While Sidhu chose to remain silent on the verbal folly of his advisors, Singh made his disappointment public. Thus, the repercussions were immediate.
On Tuesday (24 August), four Punjab cabinet ministers and close to twenty-five MLAs revolted against the sitting CM, asking him to be replaced for failing to deliver on the election promises.
Reaching out to 10 Janpath, these dissenters stated their lack of trust in Singh openly and their loyalty to Sidhu. The cabinet ministers, speaking to the local media, stated that they would not be able to win the elections under Singh due to the unfulfilled promises and were hence seeking a replacement.
The MLAs have shifted their loyalties towards the rising tide. Sidhu, the obvious CM face for the Congress party in the elections of 2022 in Punjab, has been busy eroding Singh's influence and interests within the state unit. The erosion has been swift, for it began with fighting elections, with Singh being the CM face to Singh being a second fiddle to Sidhu, the new CM face, to Singh being replaced a year before the elections.
Sidhu, even with his ill-informed cadre of advisors, has a lot going for him.
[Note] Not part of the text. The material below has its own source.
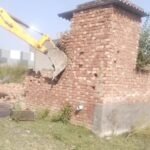 GDA bulldozer razes illegal colony in Loni: Amid protests, boundary walls of 250 plots, site office and roads demolished. IMAGE CREDIT TO प्राधिकरण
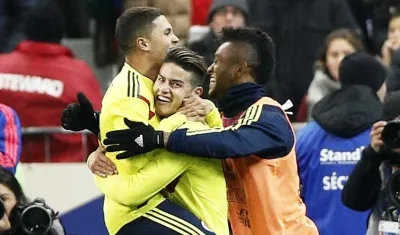 Juan Fernando Quintero celebra el gol del triunfo ante Francia con James Rodríguez y Miguel Ángel Borja.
Unlike Singh, who has his entire political legacy at stake at the dusk of his career, Sidhu, even with his political appointment being a year or two too early, does not have much to do in 2022. Thanks to the scripted melodrama around the farmer protests, the political odds favoured the Congress in the state by a mile.
Also, there is an imminent personality vacuum in the state's politics, given both Prakash Singh Badal and Singh are close to retiring from active politics and will not be the face of their respective parties in 2024 or 2027. Sidhu's appointment, even though hurried, gives him the first-movers advantage as another generation of leaders take control of the state's politics, and the Badal family finds itself politically vulnerable.
Truth be told, both Sukhbir Singh Badal and Harsimrat Kaur Badal do not enjoy the same scale of popularity as Sidhu will, given the ten years between 2007 and 2017 under the SAD government plagued with corruption and drug menace. The Akali couple have made hay using the shining political clout of Badal Sr, but for how long?
Where does it leave the Captain though, now without a team?
In his words, 2017 was supposed to be his last electoral pursuit, but the farmer protests changed that.
For years, Singh governed Punjab within the political clout of the Gandhis but minus their political influence, given the events of the 1980s and Operation Blue Star, one of the most painful chapters in the history of the state.
Touted as a nationalist, Singh, for a greater part of his political career, aligned to India's interests even if it meant going against the party or, specifically, the Gandhis. Yet, it was Singh who gave Congress a majority in Punjab in both 2014 and 2019 when the party was decimated elsewhere. However, it all changed in recent years.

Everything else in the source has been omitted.